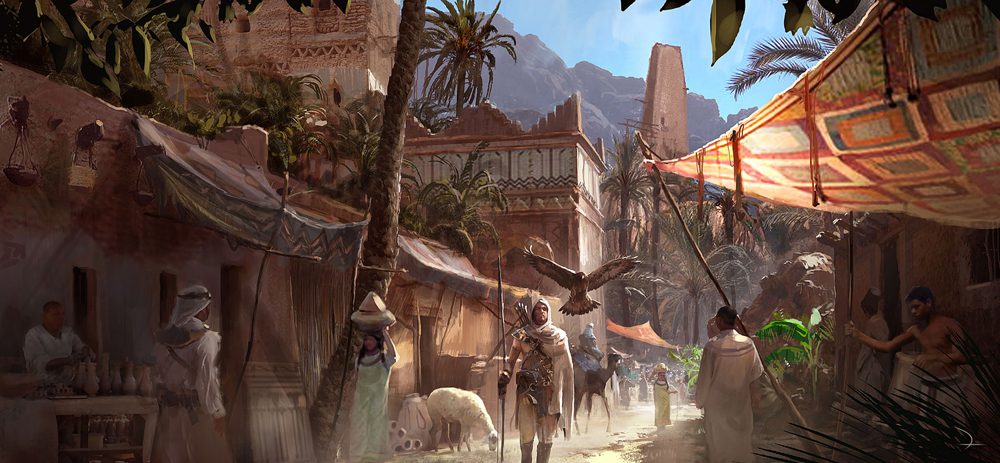 Problemas de Assassin's Creed Origins y cómo solucionarlos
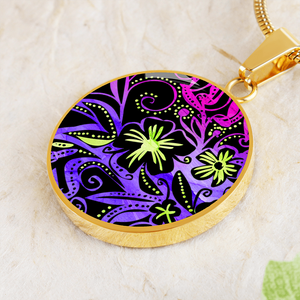 Glowing Flowers: Original art by Vassia Sarri, decorates your shoes, clothes, jewelries, stationery, bedding and linen, as well as kitchen and drinkware items, in order to bring positive vibes in your life, and reprogram your subconscious towards joyous, healthy and prosperous opportunities.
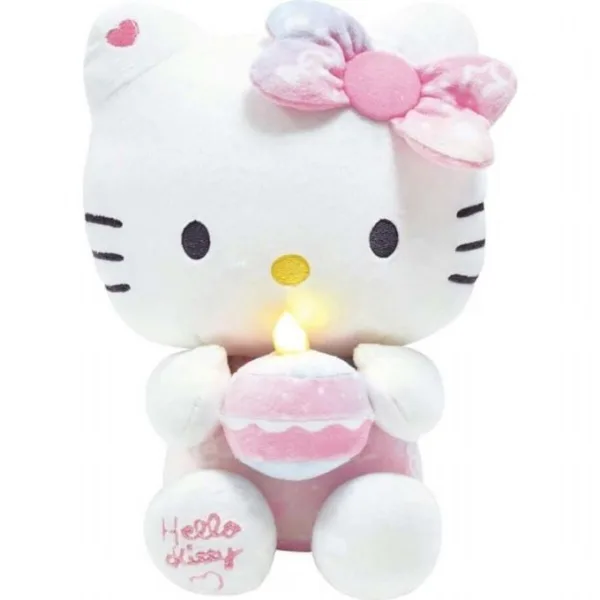 Hello Kitty Musikalsk 26cm Bamse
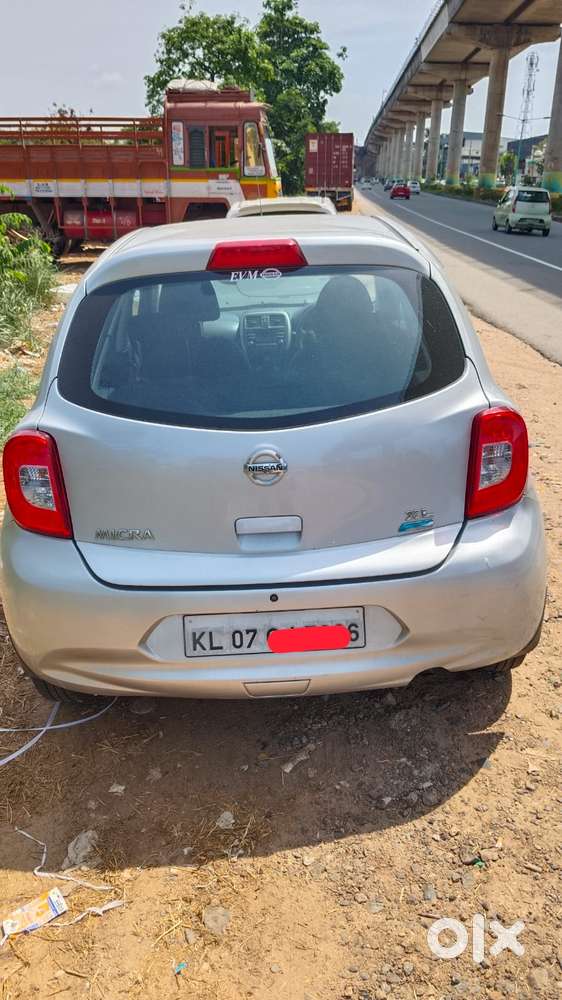 Nissan Micra Xl Cvt, 2016, Petrol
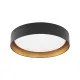 Lindby Gracjan LED Ceiling Light CCT Black / Gold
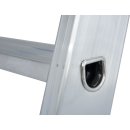 STABILO&reg; fahrbare Stufenstehleiter, Alu, 5 Stufen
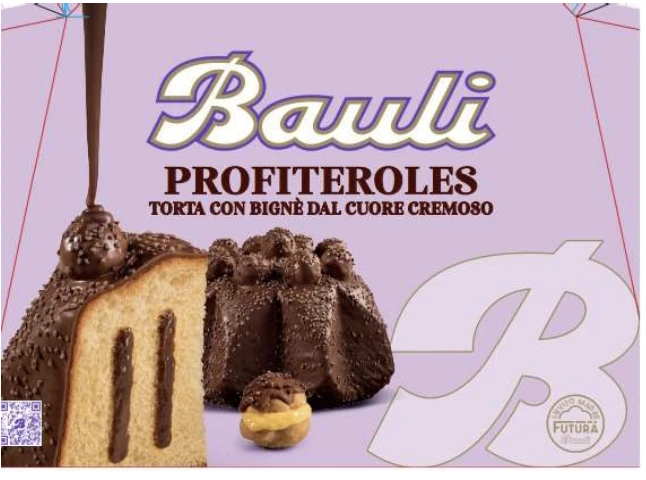 PROFITEROLES - PRODOTTO DA FORNO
====================
* Exercise description: Apart from the images, reproduce the listing exactly as it appears.

* Response area:
 Problemas de Assassin's Creed Origins y cómo solucionarlos
 Glowing Flowers: Original art by Vassia Sarri, decorates your shoes, clothes, jewelries, stationery, bedding and linen, as well as kitchen and drinkware items, in order to bring positive vibes in your life, and reprogram your subconscious towards joyous, healthy and prosperous opportunities.
 Hello Kitty Musikalsk 26cm Bamse
 Nissan Micra Xl Cvt, 2016, Petrol
 Lindby Gracjan LED Ceiling Light CCT Black / Gold
 STABILO&reg; fahrbare Stufenstehleiter, Alu, 5 Stufen
 PROFITEROLES - PRODOTTO DA FORNO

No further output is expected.